Esta pergunta é interessantíssima. Como se sabe as notas musicais são sons cujas frequências nos são agradáveis ao ouvido, como as cores são agradáveis à vista. Essas frequências chamadas “fundamentais” constituem as 7 notas musicais (Do Re Mi Fa Sol La Si) assim como na cor existem as cores fundamentais (amarelo vermelho azul preto e branco). Nem cada uma das notas musicais por si só é música nem as cores por si só são pintura. Não há razões para se gostar mais da frequência do Re que da do Sol. Para se fazer música é preciso fazer uma sequência de sons e silêncios, um ritmo (mais um!). Para gostarmos basta ouvirmos um toque de caixa bem ritmado. Satisfaz-nos o gosto básico de ritmos, de sequências previsíveis, descobríveis, e quanto mais intrincado for o ritmo (a sequência a descubrir) mais gozo nos dá adivinha-lo e - supremo gozo! - reproduzi-lo, interpretá-lo em improvisados “tambores” que se encontrem a jeito. Quem não gosta de uma boa “batida” brasileira? Desses ritmos espetaculares que eles inventaram? São lindos! Mesmo sem notas musicais! Só o ritmo!
Bom, agora se a esta sequência linda juntarmos uma outra sequência de notas musicais, gostamos ainda mais! Quanto mais complexa for a sequência a descobrir mais potencial tem de agradar.

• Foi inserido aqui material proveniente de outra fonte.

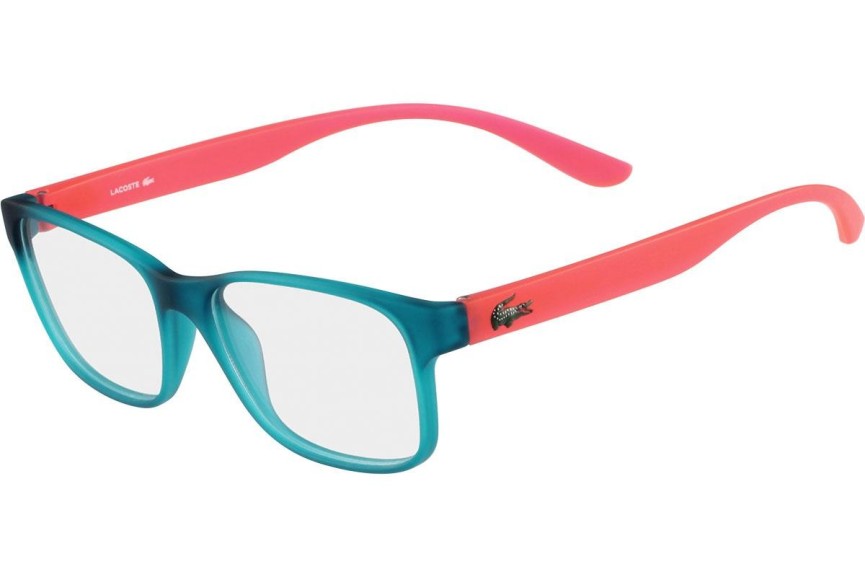 Okulary korekcyjne Lacoste L3804B 444 Kwadratowe Niebieskie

Dá-nos muito mais gozo a sequência da Primavera de Vivaldi que a do Bailinho da Madeira. Mas para isso temos de “educar o ouvido”! Esta é boa! Educar o ouvido não é mais que a nossa mente (que é quem ouve) a aprender a descobrir sequências cada vez mais complicadas! Quando apesar das várias tentativas não conseguimos entar na sequência (não nos entra no ouvido... o que acontece vulgarmente (a mim sempre) na chamada música contemporânea, a de Jorge Peixinho e quejandos...), não gostamos. Leia-se não conseguimos descodificar a sequência (o “ritmo”...). Quando a sequência é ou muito simples ou já nossa muito conhecida não achamos muita piada e gostamos menos ou dizemos mesmo que não gostamos. Ao fim de ouvir vinte vezes seguidas a mesma sequência musical até a ária das Variações Goldberg de J.S.Bach aborrece. Entrou, e é agora demasiado previsível....Para a voltarmoss a ouvir com prazer precisamos de esquecer um pouco da sequência para a relembrar (a restaurar) com gozo.

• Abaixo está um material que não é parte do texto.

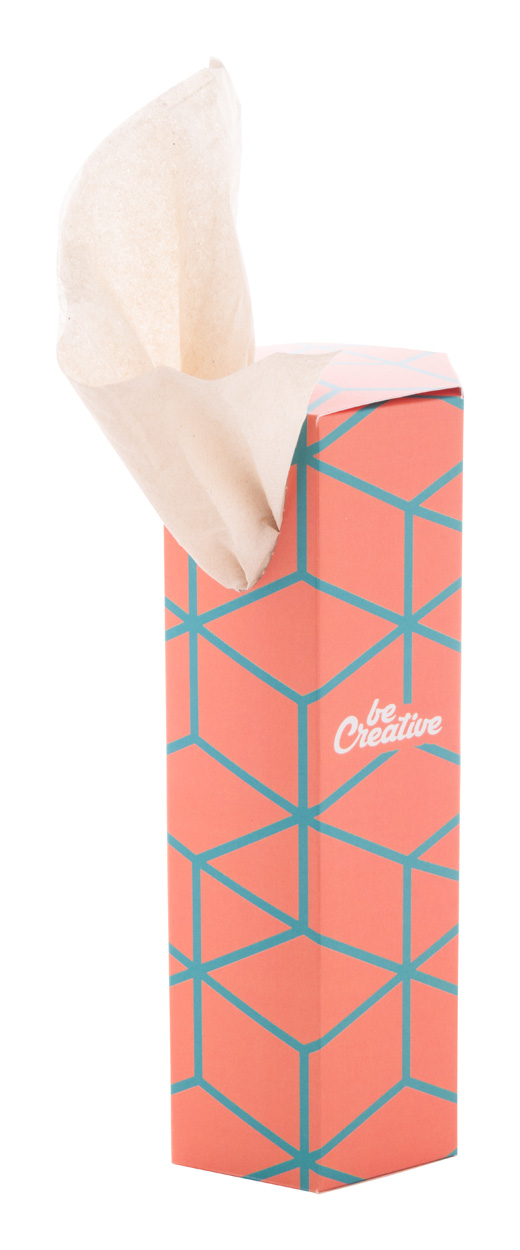 CreaSneeze Hex custom paper tissues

Seremos tanto mais virtuosos quanto mais complicada for a sequência que conseguirmos reproduzir. Se o consegue fazer fielmente sem se enganar é um verdadeiro artista. Só o é quem for muito inteligente.
Entre os músicos de jazz há estruturas/temas que são conhecidas/os vulgarmente pelo nome de “seventeens” . Significa apenas que o tema musical (o padrão) completo tem não quatro, cinco ou seis, etc, compassos, mas sim 17! Nem todos se atrevem a improvisar sobre estes temas...Improvisar, mentalmente que seja, sobre uma estrutura de 17 blocos a repetir algumas vezes na peça, sem enganos de entrada ou saída, não está ao alcance de todos.
Só gosta de música quem tem essa fabulosa arma da sobrevivência que é a inteligência.